Ukraine claims that Russia bombed more than 40 cities as part of the Donbas push.


After failing to seize the Ukrainian capital kyiv or its second city Kharkiv, Russia is trying to take full control of the Donbas, made up of two eastern provinces that Moscow claims in the name of the separatists.

Russia has poured thousands of troops into the area, attacking from three sides in an attempt to encircle Ukrainian forces holding out in the town of Sievierodonetsk and its twin Lysychansk. Their fall would leave the whole of Luhansk province under Russian control, a key Kremlin war objective.

“The occupiers shelled more than 40 towns in the Donetsk and Luhansk region, destroying or damaging 47 civilian sites, including 38 houses and a school. As a result of this shelling, five civilians died and 12 were injured,” he said. the Joint Task Force of the Armed Forces of Ukraine said on Facebook.

The statement said 10 enemy attacks were repelled, four tanks and four drones were destroyed and 62 “enemy soldiers” were killed.

Ukrainian President Volodymyr Zelenskiy said Russian troops “heavily outnumbered us” in parts of the east.

Reuters was unable to independently confirm the battlefield reports.

As Moscow seeks to solidify its grip on territory it has seized, President Vladimir Putin has signed a decree simplifying the process of acquiring Russian citizenship and passports for residents of newly captured districts.

Russia’s parliament on Wednesday scrapped the upper age limit for contract service in the army, stressing the need to replace lost troops.

In a late night video address, Zelenskiy, commenting on the new Russian enlistment rules, said: “(They) don’t have enough young men anymore, but they still have the will to fight. time to crush that will.”

Zelenskiy said this week that the conflict could only end with direct talks between him and Putin.

Russia calls its actions in Ukraine a “special operation” to disarm Ukraine and protect it from fascists. Ukraine and the West claim that the fascist allegation is baseless and that the war is an unprovoked act of aggression.

COLLECTIVE GRAVES

Lysychansk police are collecting the bodies of those killed in order to bury them in mass graves, Luhansk regional governor Serhiy Gaidai said. Some 150 people were buried in a mass grave in a district of Lysychansk, he added.

Families of people buried in mass graves will be able to reburial after the war, and police are issuing documents allowing Ukrainians to obtain death certificates for their relatives, Gaidai said.

A missile cratered a railway line and damaged nearby buildings in Pokrovsk, a Ukrainian-held town in Donbas that has become a major hub for supplies and evacuations.

Kramatorsk, closer to the frontline, the streets were largely deserted, while in Sloviansk, further west, many residents took advantage of what Ukraine said was a pause in the Russian onslaught to go.

“My house was bombed, I have nothing,” said Vera Safronova, sitting in a train car among the evacuees.

Further north, two people were killed and seven injured by a Russian artillery shelling of the town of Balakliya in the Kharkiv region, an aide to its governor said on Facebook.

Russia is also targeting southern Ukraine, where officials said shelling killed a civilian and damaged dozens of Zaporozhzhia homes and missiles destroyed an industrial facility in Kryviy Rih.

FOOD CRISIS

Moscow blocked ships from southern Ukraine that would normally export Ukrainian cereals and sunflower oil through the Black Sea, driving up prices globally. The African Union on Wednesday urged the two countries to unblock grain and fertilizer exports to avert widespread famine.

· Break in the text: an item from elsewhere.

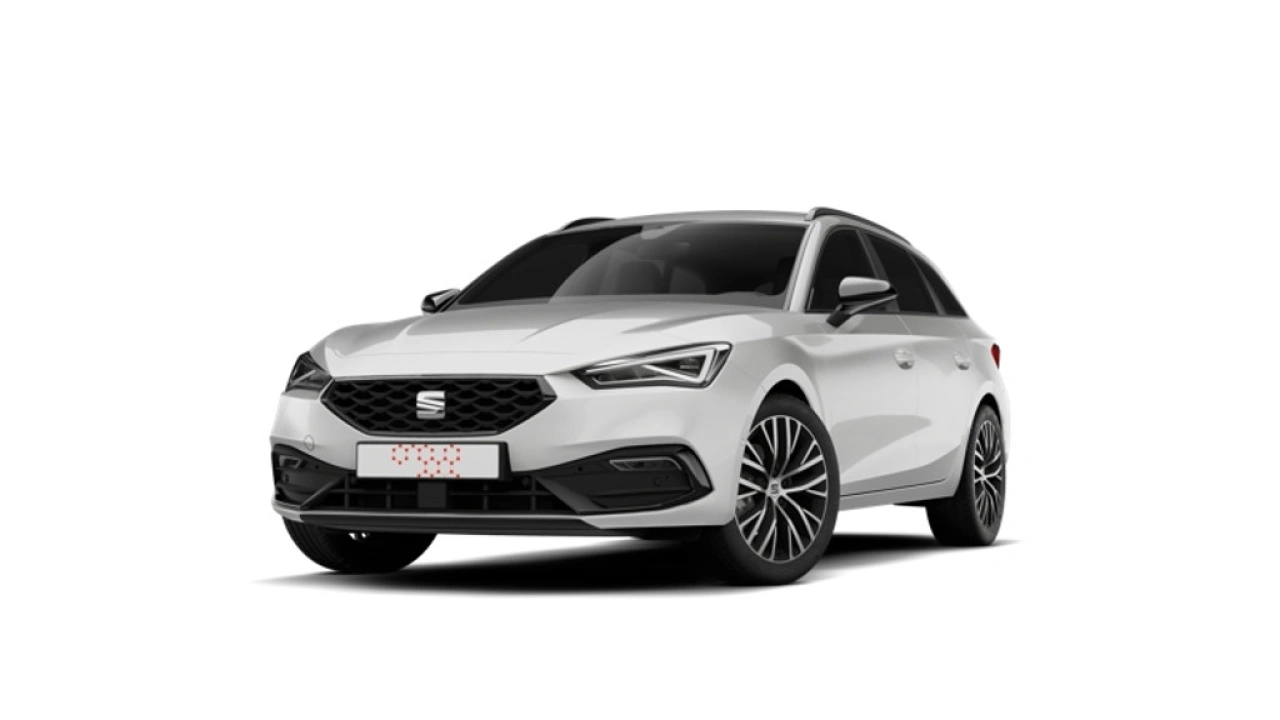 SEAT Leon Sportstourer 1.5 eTSI 150 7DSG FR Business Intense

Russia blamed Western sanctions for the food crisis. She said on Wednesday that she was ready to provide a humanitarian corridor allowing ships carrying food to leave Ukraine, but that she wanted the sanctions to be lifted in return.

Western nations have imposed severe sanctions on Russia.

The United States pushed Russia closer to the brink of a historic debt default on Wednesday by not extending its license to pay bondholders. This waiver has enabled Moscow to continue paying its public debt until now.

The European Commission proposed Wednesday to make the violation of European sanctions against Russia a crime.

The EU has also said it hopes to agree sanctions on Russian oil before the next meeting of EU leaders.

But Russia, for now at least, is not short of money. Oil and gas revenues rose to $28 billion in April alone, thanks to high energy prices.